Begin at the line below that has "Here are the". Stop after the line that has "In this tutorial, I", repeating each line exactly and leaving out the pictures.
───── RECORDS
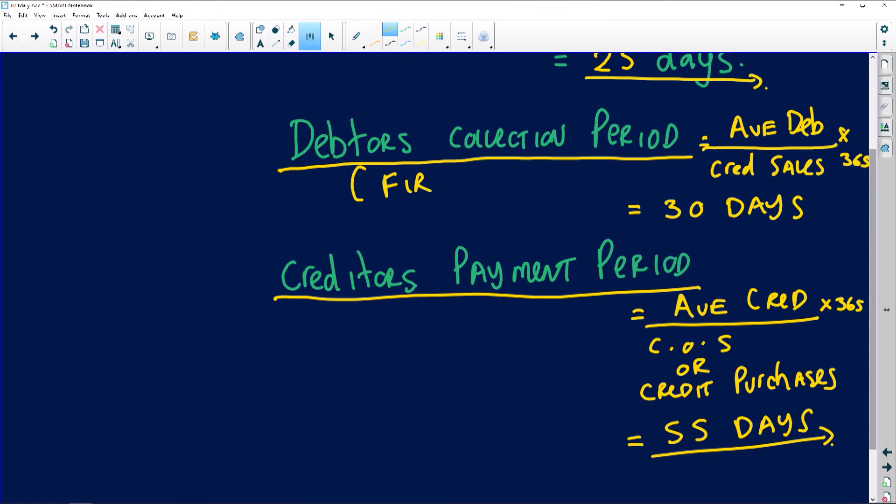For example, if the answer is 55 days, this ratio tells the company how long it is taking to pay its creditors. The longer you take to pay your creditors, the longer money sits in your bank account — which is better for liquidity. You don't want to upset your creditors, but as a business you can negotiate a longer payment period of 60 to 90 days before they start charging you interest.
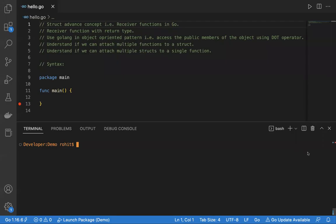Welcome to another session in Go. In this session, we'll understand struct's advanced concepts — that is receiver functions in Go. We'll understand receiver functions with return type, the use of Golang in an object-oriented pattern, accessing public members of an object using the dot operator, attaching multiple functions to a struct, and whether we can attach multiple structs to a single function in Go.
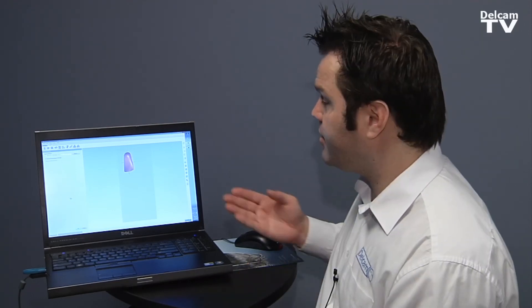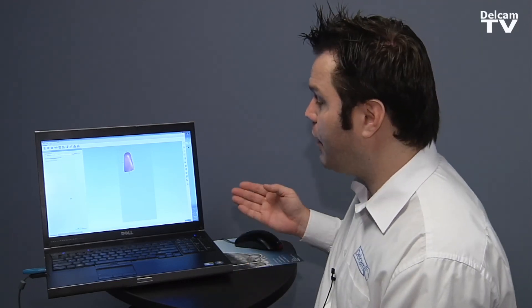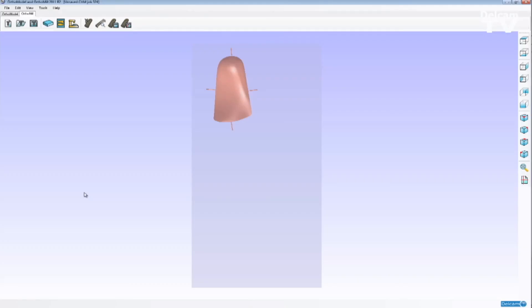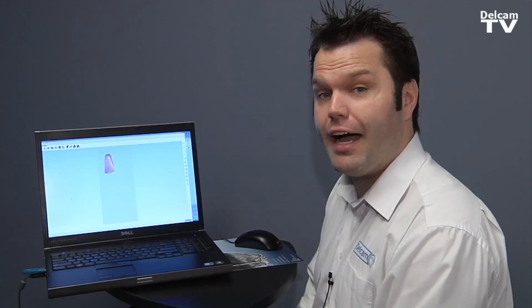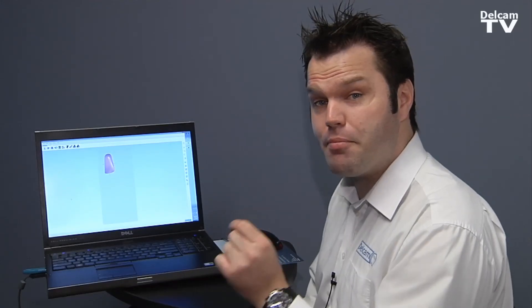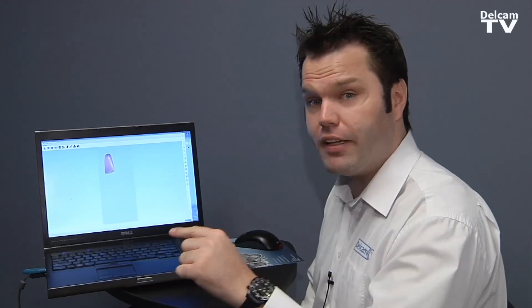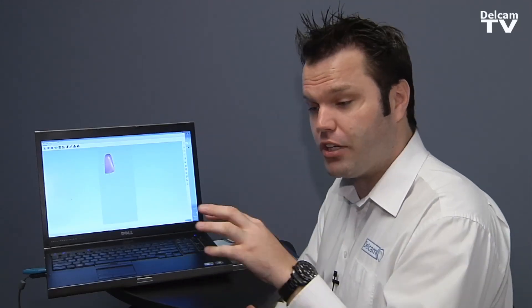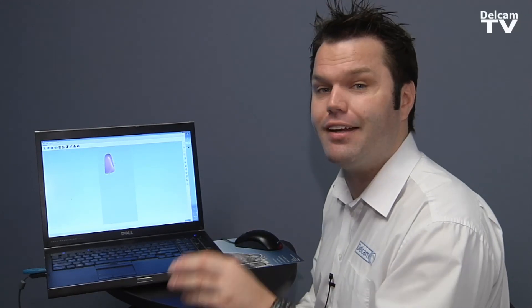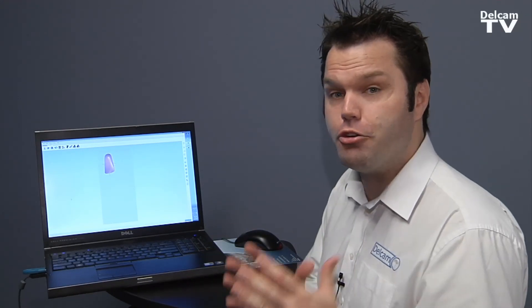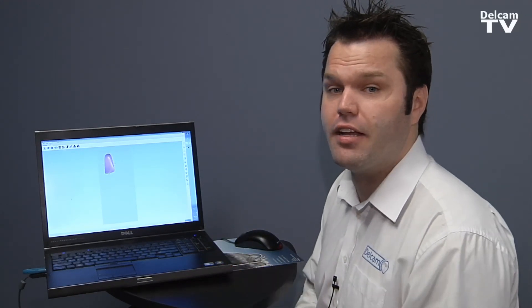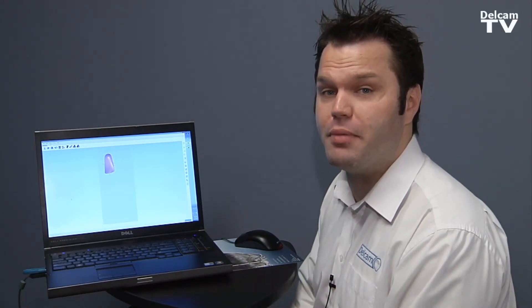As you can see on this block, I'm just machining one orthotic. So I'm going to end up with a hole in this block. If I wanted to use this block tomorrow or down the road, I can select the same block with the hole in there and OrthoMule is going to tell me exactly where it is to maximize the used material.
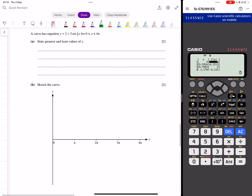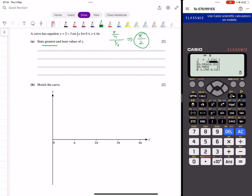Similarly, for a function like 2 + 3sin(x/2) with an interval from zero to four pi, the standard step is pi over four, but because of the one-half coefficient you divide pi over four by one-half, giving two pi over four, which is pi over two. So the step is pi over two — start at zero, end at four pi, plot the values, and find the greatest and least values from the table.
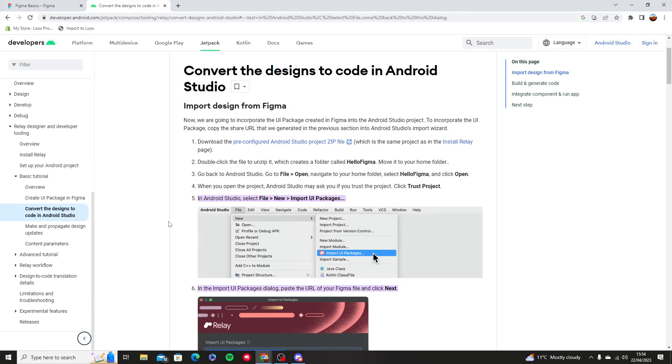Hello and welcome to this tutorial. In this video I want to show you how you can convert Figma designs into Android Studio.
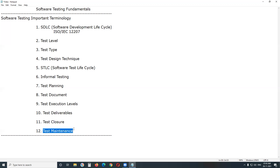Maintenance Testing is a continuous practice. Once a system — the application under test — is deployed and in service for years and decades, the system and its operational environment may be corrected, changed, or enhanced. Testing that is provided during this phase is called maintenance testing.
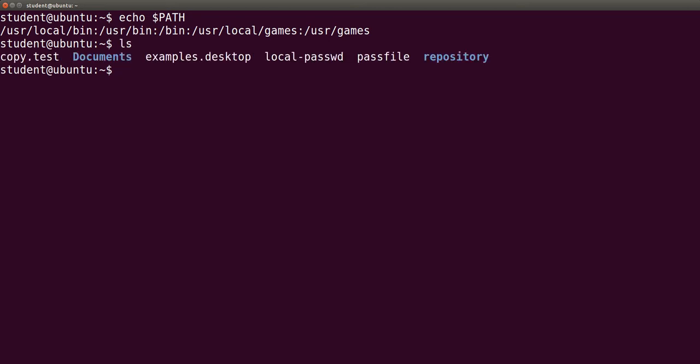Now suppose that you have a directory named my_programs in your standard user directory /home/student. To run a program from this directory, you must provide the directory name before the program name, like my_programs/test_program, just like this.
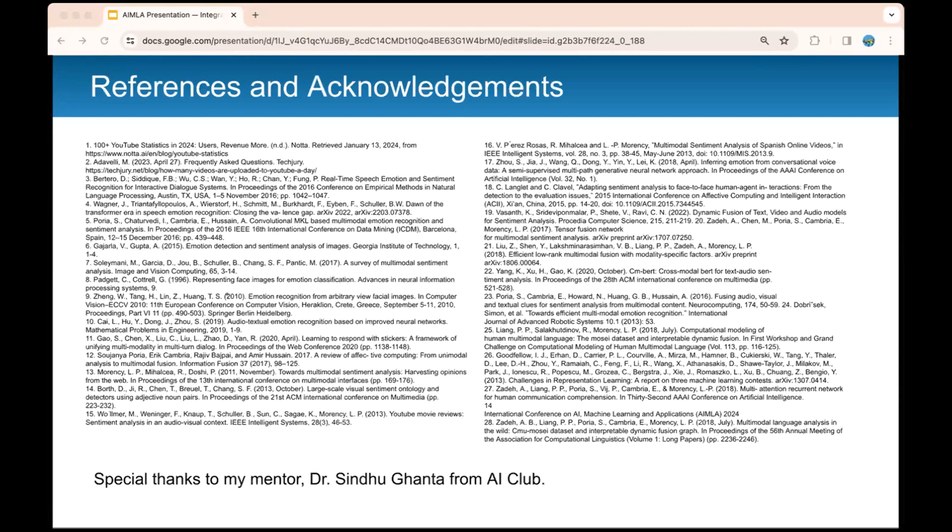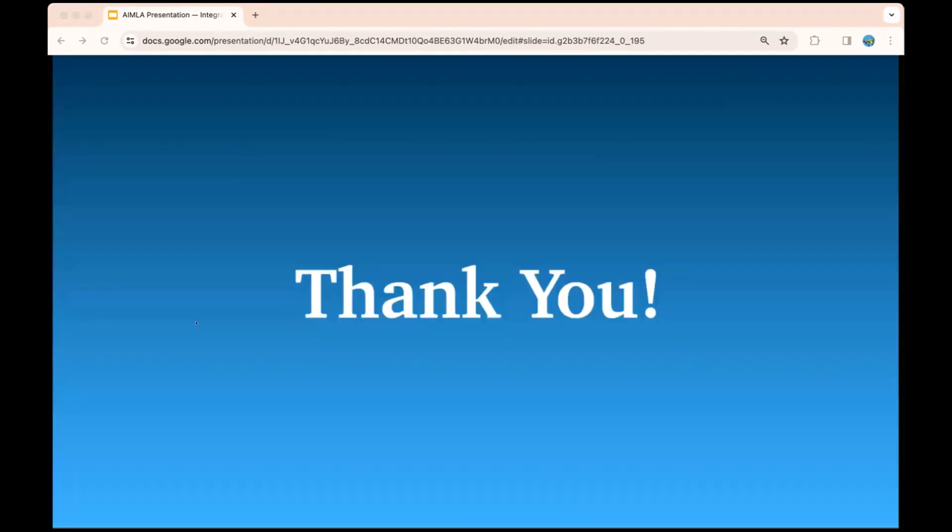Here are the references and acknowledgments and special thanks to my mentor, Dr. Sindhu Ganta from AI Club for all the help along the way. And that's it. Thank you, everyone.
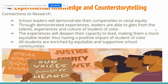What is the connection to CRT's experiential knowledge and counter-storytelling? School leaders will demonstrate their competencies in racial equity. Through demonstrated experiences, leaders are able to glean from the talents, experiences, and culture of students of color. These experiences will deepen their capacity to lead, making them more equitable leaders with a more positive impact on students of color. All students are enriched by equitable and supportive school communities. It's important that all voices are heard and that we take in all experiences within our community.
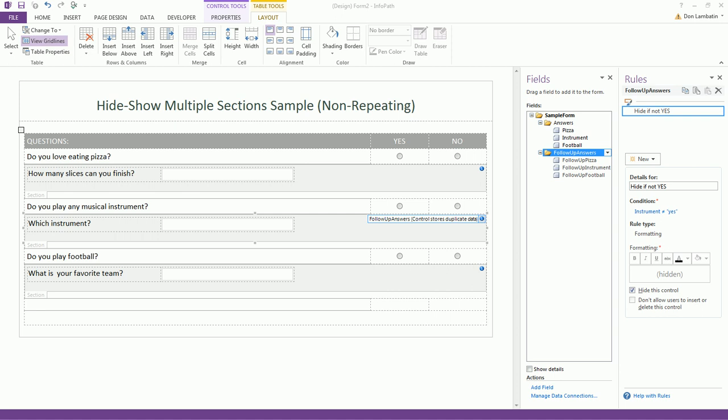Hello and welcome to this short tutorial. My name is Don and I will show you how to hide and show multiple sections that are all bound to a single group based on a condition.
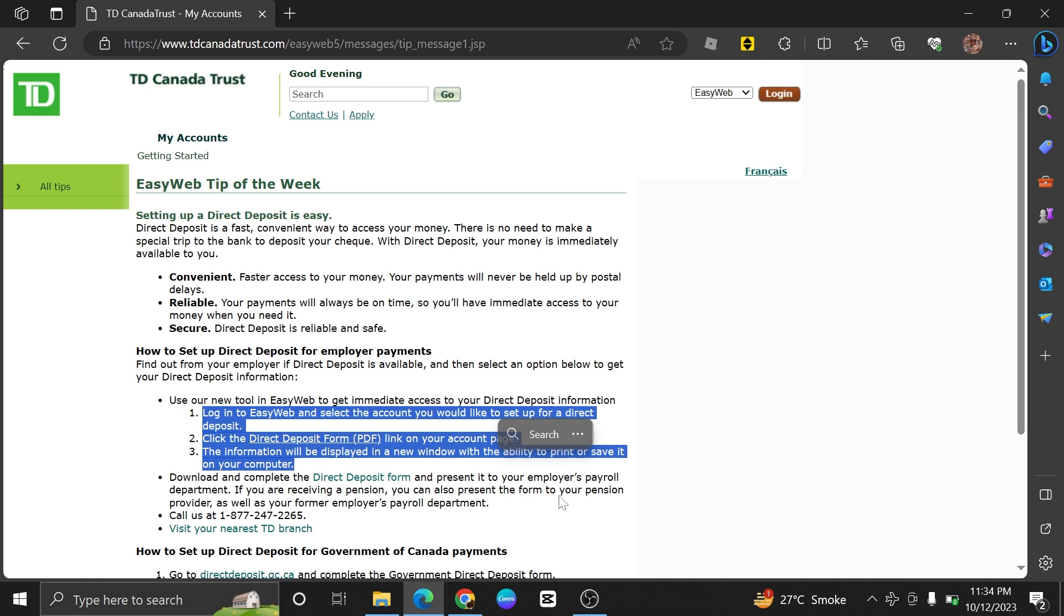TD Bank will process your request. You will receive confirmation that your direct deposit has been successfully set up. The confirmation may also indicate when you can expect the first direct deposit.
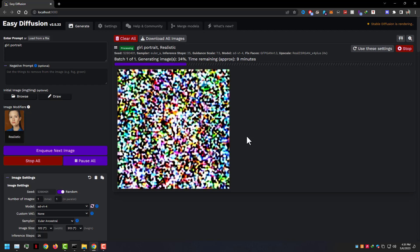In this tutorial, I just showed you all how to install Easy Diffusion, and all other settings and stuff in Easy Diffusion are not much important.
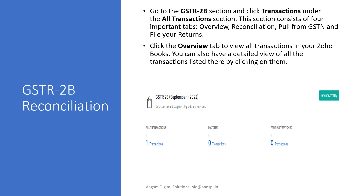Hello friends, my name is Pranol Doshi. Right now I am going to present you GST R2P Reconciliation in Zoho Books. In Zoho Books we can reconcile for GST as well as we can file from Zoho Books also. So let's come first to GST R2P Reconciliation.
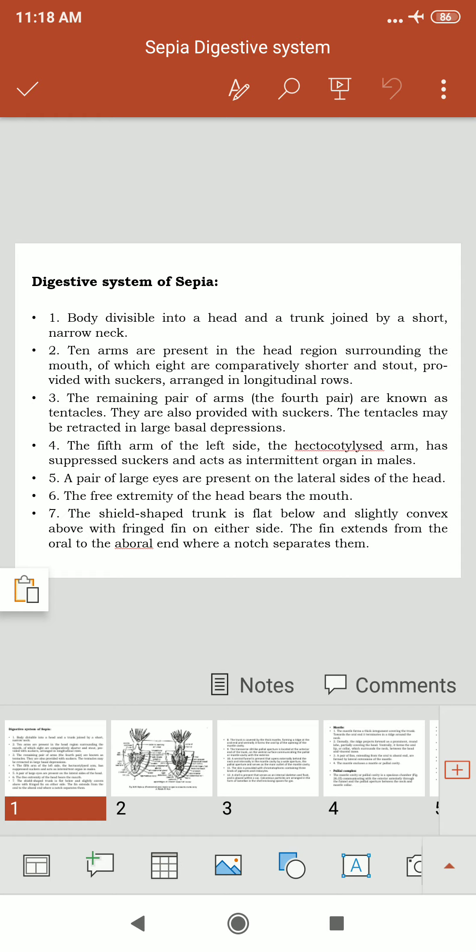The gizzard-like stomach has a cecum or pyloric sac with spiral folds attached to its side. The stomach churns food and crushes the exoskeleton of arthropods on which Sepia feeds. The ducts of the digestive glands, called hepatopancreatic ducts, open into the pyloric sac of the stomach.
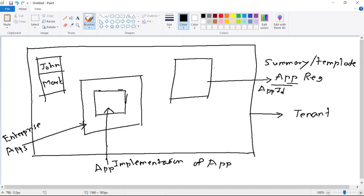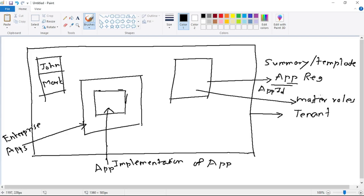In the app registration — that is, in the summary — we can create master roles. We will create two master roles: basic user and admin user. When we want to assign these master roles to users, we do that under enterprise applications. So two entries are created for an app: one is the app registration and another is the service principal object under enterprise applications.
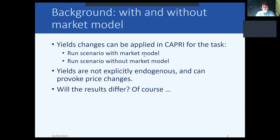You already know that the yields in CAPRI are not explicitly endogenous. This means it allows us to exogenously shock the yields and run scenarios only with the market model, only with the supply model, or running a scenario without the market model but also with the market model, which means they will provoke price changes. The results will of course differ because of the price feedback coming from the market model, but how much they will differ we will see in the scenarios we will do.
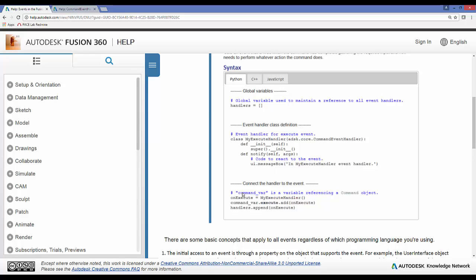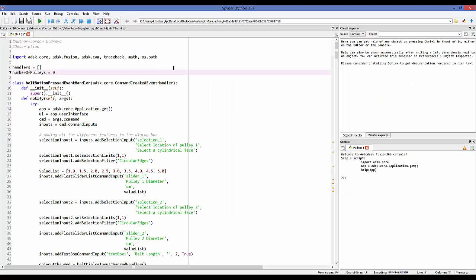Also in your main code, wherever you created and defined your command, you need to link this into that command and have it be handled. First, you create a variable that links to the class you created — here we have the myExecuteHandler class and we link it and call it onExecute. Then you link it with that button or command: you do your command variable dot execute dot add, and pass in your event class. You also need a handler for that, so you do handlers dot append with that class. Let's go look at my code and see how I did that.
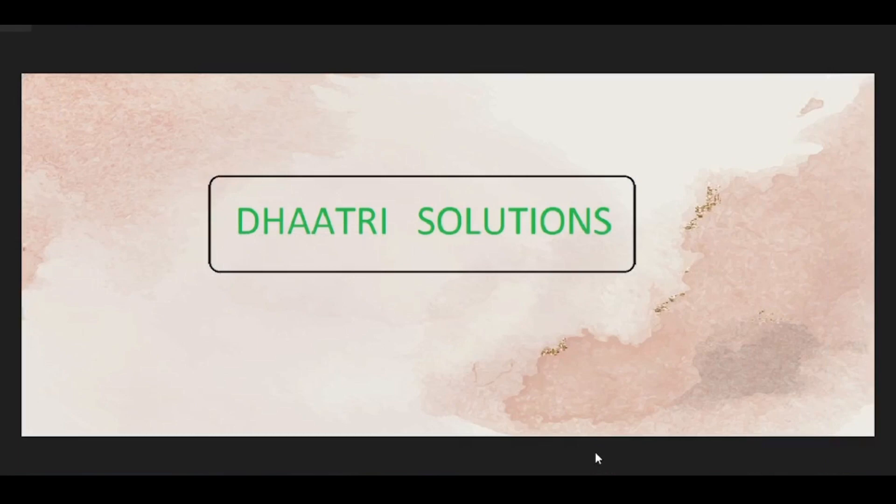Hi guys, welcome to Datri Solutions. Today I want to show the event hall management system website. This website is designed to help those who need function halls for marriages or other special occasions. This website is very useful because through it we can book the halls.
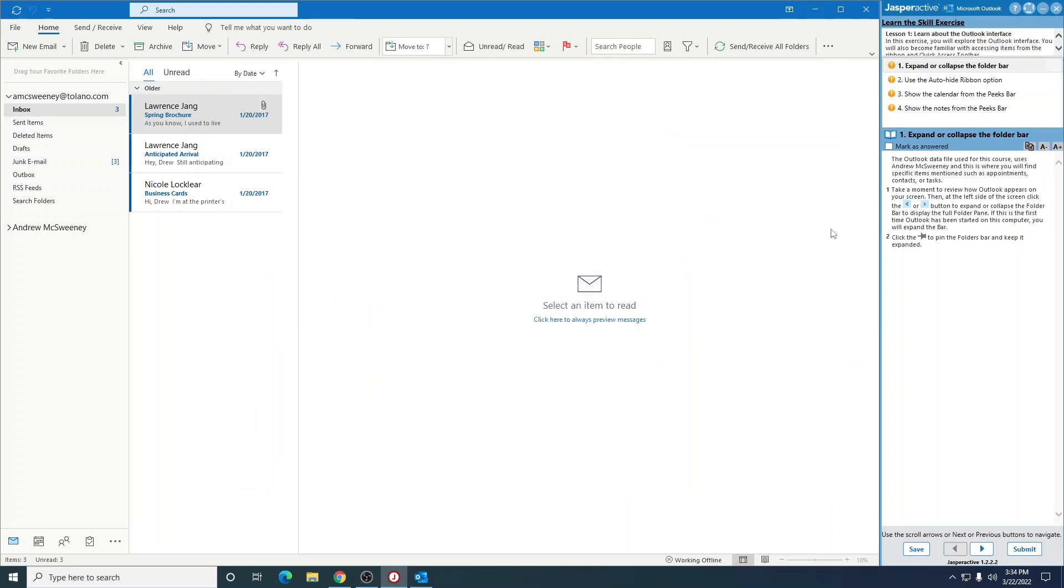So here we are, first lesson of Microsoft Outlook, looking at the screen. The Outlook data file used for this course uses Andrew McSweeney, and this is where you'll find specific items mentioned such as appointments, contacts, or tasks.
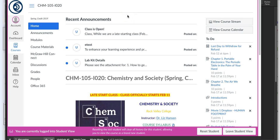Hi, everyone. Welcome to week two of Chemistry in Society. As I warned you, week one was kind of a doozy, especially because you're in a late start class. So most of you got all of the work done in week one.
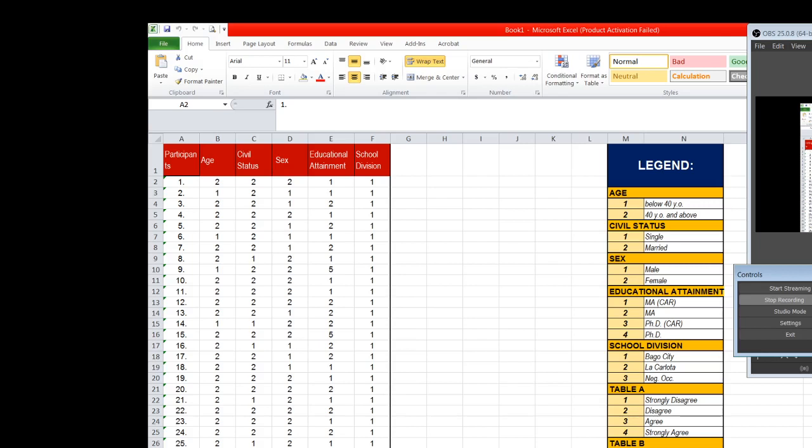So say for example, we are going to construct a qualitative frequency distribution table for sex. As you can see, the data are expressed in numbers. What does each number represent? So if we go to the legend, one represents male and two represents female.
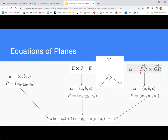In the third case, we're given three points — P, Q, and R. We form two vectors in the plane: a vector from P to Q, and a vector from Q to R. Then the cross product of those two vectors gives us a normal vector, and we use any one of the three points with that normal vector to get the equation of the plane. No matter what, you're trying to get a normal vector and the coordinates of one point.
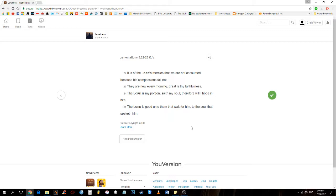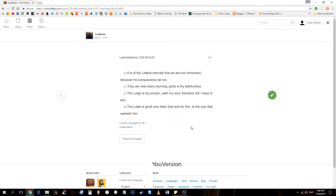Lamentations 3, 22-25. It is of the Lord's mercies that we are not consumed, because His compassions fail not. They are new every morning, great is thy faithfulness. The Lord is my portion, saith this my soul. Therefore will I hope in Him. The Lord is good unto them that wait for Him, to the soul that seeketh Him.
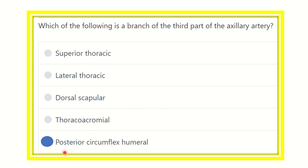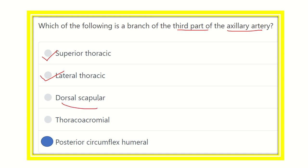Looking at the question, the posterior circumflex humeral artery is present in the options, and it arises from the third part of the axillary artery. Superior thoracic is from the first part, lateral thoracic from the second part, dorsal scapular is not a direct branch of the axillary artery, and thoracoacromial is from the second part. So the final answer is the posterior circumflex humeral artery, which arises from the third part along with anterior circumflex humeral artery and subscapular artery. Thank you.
──────────
*OUTPUT FOR THIS EXERCISE*.
Here are the references and acknowledgments and special thanks to my mentor, Dr. Sindhu Ganta from AI Club for all the help along the way. And that's it. Thank you, everyone.
What is the connection to CRT's experiential knowledge and counter-storytelling? School leaders will demonstrate their competencies in racial equity. Through demonstrated experiences, leaders are able to glean from the talents, experiences, and culture of students of color. These experiences will deepen their capacity to lead, making them more equitable leaders with a more positive impact on students of color. All students are enriched by equitable and supportive school communities. It's important that all voices are heard and that we take in all experiences within our community.
Hello and welcome to this short tutorial. My name is Don and I will show you how to hide and show multiple sections that are all bound to a single group based on a condition.
TD Bank will process your request. You will receive confirmation that your direct deposit has been successfully set up. The confirmation may also indicate when you can expect the first direct deposit.
In this tutorial, I just showed you all how to install Easy Diffusion, and all other settings and stuff in Easy Diffusion are not much important.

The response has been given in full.